START Records supplied

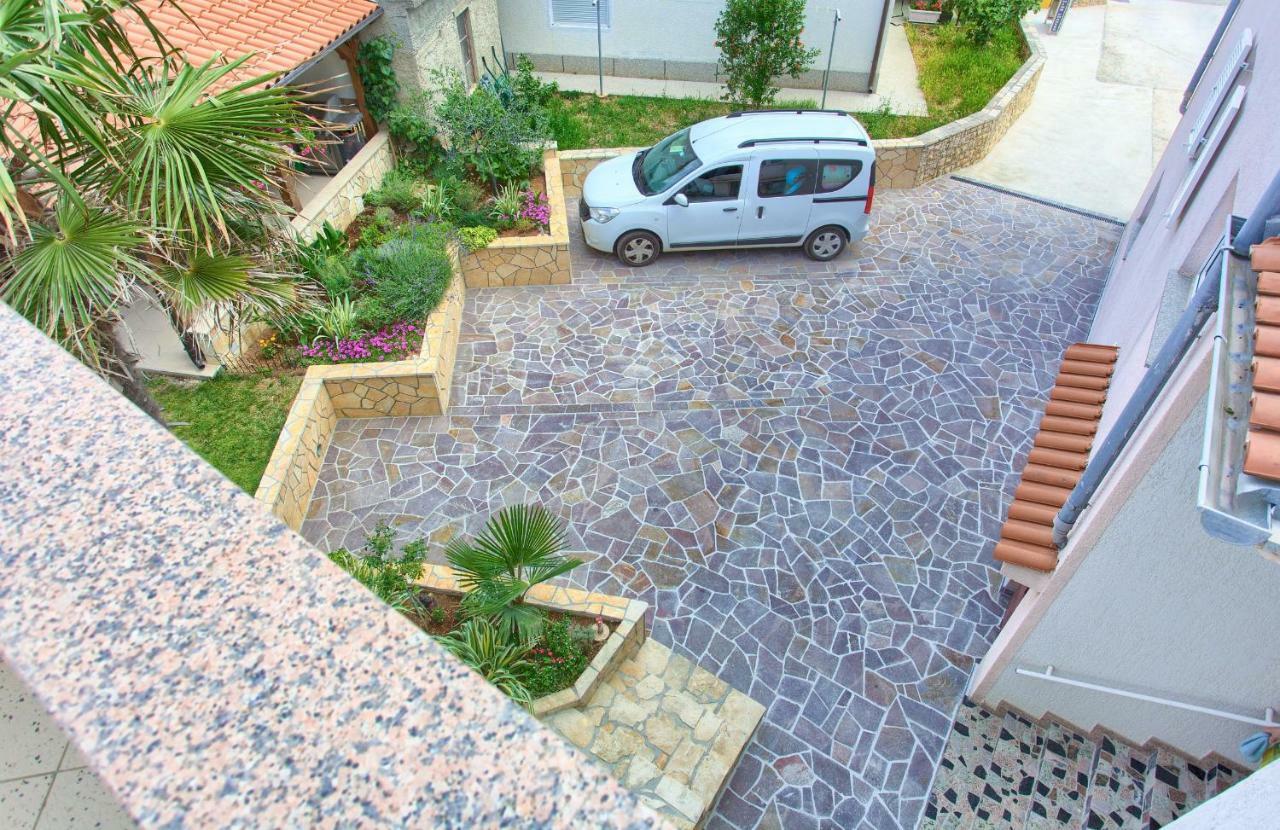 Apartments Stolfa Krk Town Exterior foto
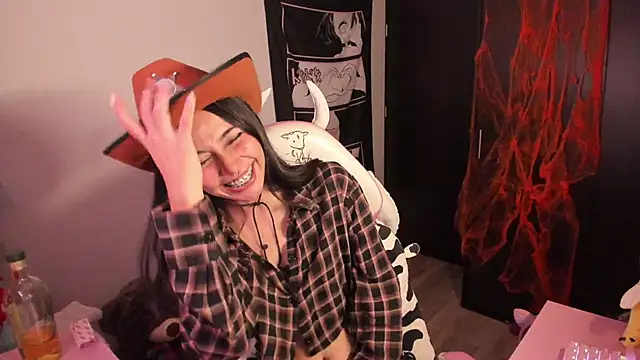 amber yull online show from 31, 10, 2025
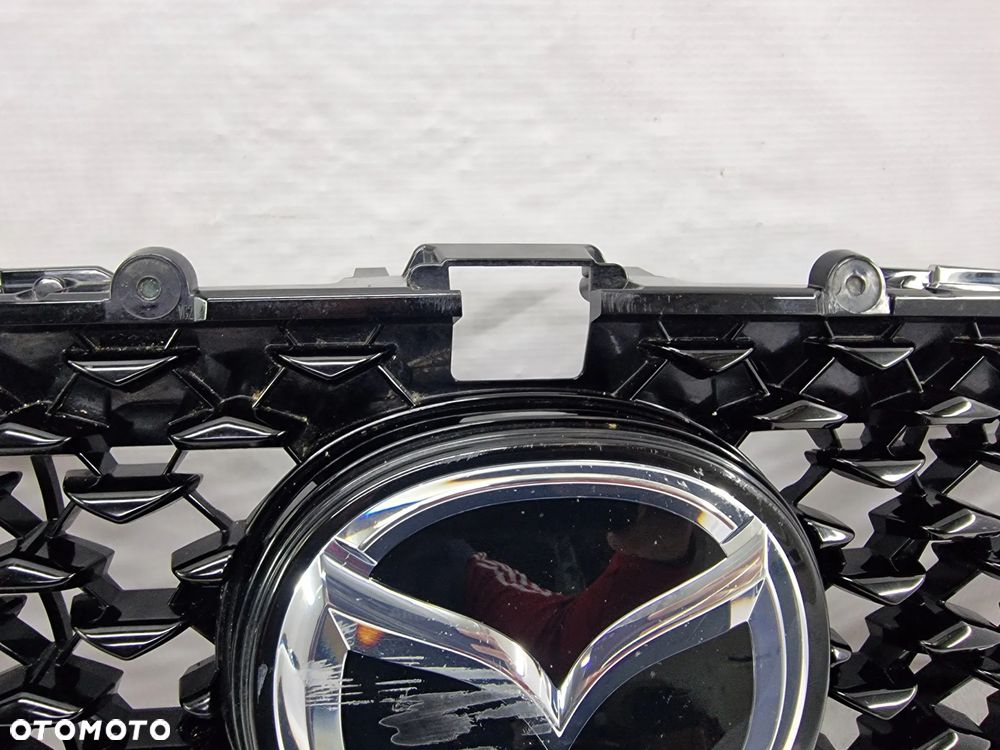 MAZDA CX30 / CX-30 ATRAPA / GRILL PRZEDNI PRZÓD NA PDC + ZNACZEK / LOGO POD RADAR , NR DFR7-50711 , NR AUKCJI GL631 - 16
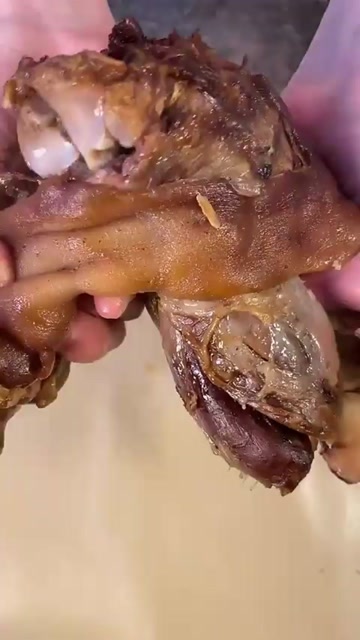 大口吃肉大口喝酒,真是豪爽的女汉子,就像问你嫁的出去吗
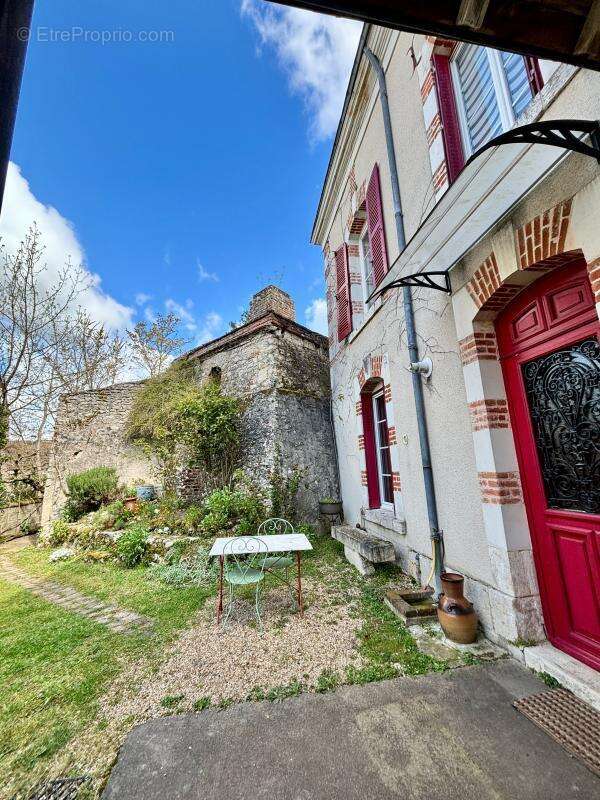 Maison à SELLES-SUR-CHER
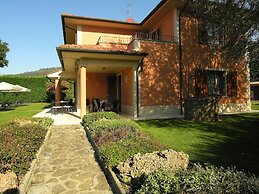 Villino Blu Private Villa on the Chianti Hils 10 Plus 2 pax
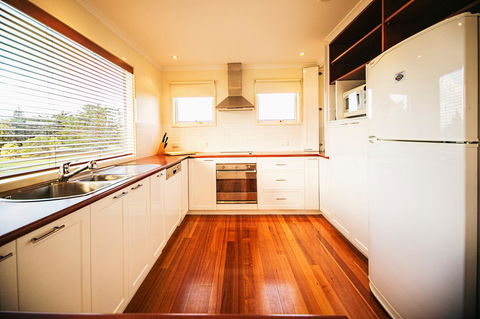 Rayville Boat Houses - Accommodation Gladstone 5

END Records supplied

** Required action **
Please output the material as written, apart from the images.

** Reply to the task **
 Apartments Stolfa Krk Town Exterior foto
 amber yull online show from 31, 10, 2025
 MAZDA CX30 / CX-30 ATRAPA / GRILL PRZEDNI PRZÓD NA PDC + ZNACZEK / LOGO POD RADAR , NR DFR7-50711 , NR AUKCJI GL631 - 16
 大口吃肉大口喝酒,真是豪爽的女汉子,就像问你嫁的出去吗
 Maison à SELLES-SUR-CHER
 Villino Blu Private Villa on the Chianti Hils 10 Plus 2 pax
 Rayville Boat Houses - Accommodation Gladstone 5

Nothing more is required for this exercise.